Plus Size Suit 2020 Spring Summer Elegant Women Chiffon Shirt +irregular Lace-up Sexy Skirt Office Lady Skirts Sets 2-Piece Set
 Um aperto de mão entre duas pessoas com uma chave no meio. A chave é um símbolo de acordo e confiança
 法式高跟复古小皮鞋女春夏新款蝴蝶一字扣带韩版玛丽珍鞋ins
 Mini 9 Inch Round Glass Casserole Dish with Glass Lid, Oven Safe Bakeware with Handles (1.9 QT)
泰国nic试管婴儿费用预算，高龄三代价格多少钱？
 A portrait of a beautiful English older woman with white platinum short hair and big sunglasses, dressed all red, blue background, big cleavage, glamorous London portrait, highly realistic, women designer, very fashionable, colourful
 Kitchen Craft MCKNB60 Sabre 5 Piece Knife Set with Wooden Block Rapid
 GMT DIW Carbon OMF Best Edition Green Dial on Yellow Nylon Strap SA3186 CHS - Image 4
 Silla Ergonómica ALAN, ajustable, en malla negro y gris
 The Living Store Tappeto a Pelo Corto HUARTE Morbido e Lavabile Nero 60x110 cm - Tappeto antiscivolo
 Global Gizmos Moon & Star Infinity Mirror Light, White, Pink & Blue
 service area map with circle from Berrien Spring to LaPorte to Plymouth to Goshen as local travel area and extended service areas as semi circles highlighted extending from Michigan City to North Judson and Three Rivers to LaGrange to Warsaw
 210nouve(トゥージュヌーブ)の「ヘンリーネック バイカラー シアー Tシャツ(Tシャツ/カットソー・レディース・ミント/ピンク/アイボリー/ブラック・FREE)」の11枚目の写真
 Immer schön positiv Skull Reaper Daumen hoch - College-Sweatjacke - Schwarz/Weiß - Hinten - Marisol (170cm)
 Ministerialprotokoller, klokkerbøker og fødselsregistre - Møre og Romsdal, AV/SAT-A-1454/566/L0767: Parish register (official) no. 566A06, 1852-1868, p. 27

• • • • •

Task directions »
Using the data above, reproduce exactly the lines between those holding "The Living Store" and "210nouve(トゥージュヌーブ)の「ヘンリーネック バイカラー シアー", inclusive, and no others.

Answer to this task »
 The Living Store Tappeto a Pelo Corto HUARTE Morbido e Lavabile Nero 60x110 cm - Tappeto antiscivolo
 Global Gizmos Moon & Star Infinity Mirror Light, White, Pink & Blue
 service area map with circle from Berrien Spring to LaPorte to Plymouth to Goshen as local travel area and extended service areas as semi circles highlighted extending from Michigan City to North Judson and Three Rivers to LaGrange to Warsaw
 210nouve(トゥージュヌーブ)の「ヘンリーネック バイカラー シアー Tシャツ(Tシャツ/カットソー・レディース・ミント/ピンク/アイボリー/ブラック・FREE)」の11枚目の写真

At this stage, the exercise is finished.